Data for review:
####

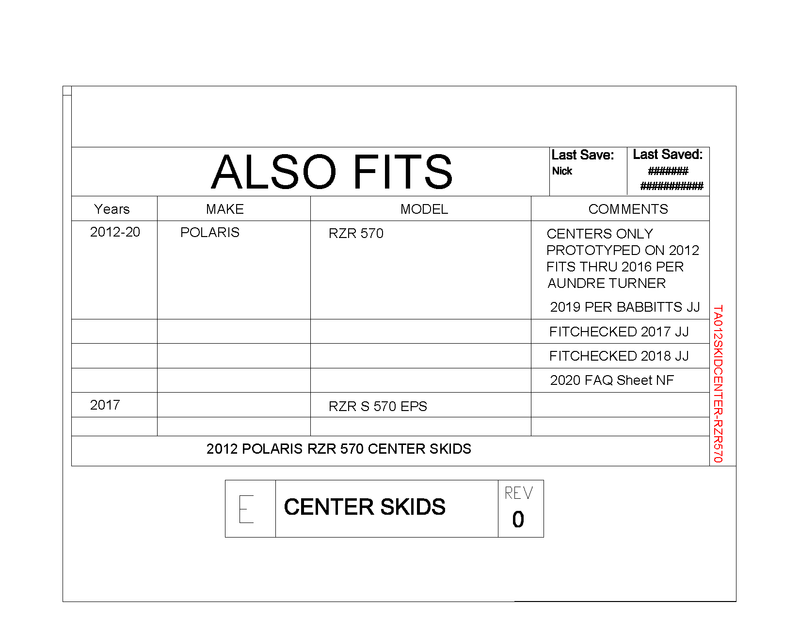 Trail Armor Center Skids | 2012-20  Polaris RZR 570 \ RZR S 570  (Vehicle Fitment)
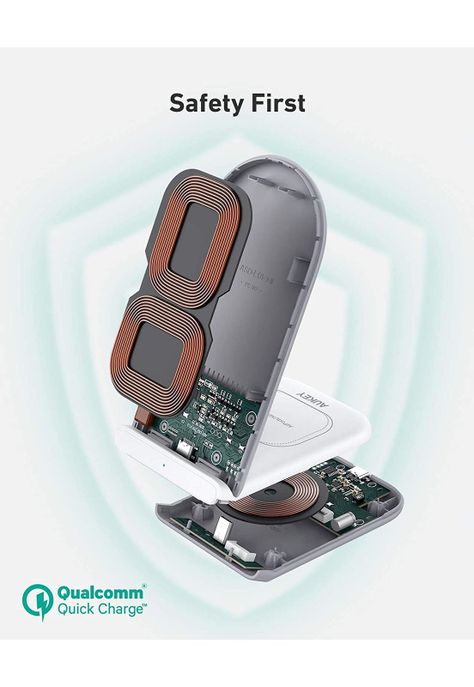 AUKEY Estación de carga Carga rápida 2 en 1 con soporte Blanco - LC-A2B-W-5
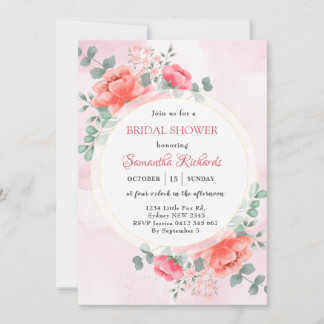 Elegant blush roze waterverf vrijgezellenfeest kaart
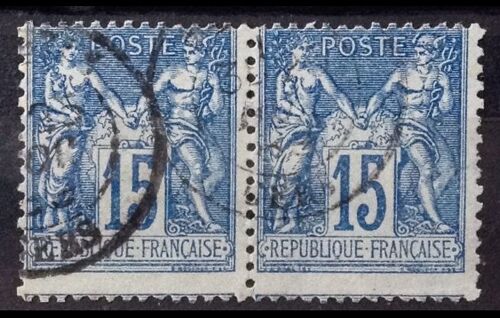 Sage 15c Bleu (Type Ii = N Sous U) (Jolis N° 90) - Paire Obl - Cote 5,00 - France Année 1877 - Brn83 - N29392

####

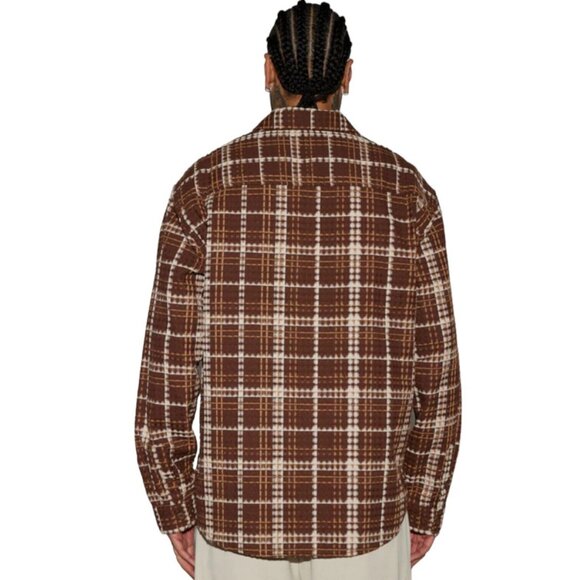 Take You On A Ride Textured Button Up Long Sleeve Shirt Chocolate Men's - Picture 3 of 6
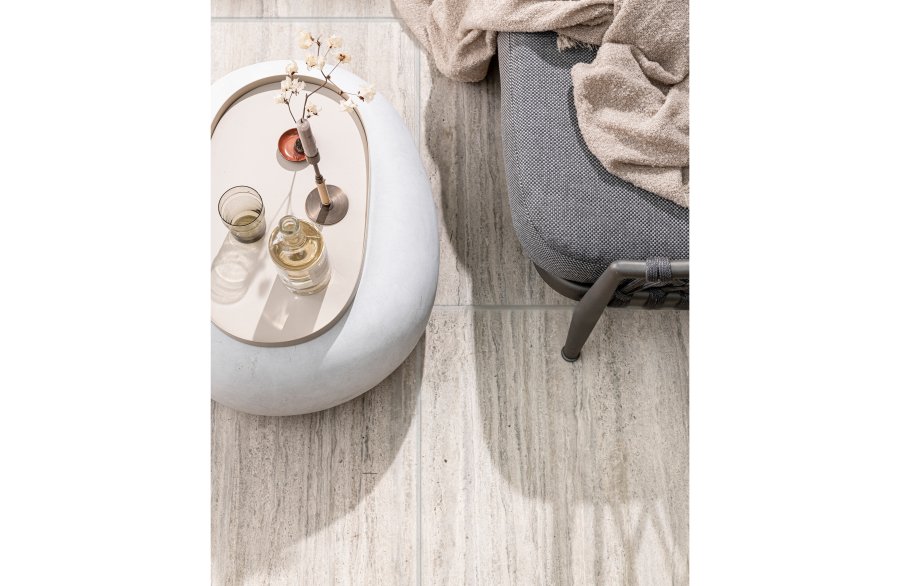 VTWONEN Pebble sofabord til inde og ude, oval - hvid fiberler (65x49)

####

Prompt: When you reach the line containing "Trail Armor Center" in the entries above, begin restating word for word, and stop once the line containing "Sage 15c Bleu" has been given. Omit the pictures.

Solution for this exercise:
 Trail Armor Center Skids | 2012-20  Polaris RZR 570 \ RZR S 570  (Vehicle Fitment)
 AUKEY Estación de carga Carga rápida 2 en 1 con soporte Blanco - LC-A2B-W-5
 Elegant blush roze waterverf vrijgezellenfeest kaart
 Sage 15c Bleu (Type Ii = N Sous U) (Jolis N° 90) - Paire Obl - Cote 5,00 - France Année 1877 - Brn83 - N29392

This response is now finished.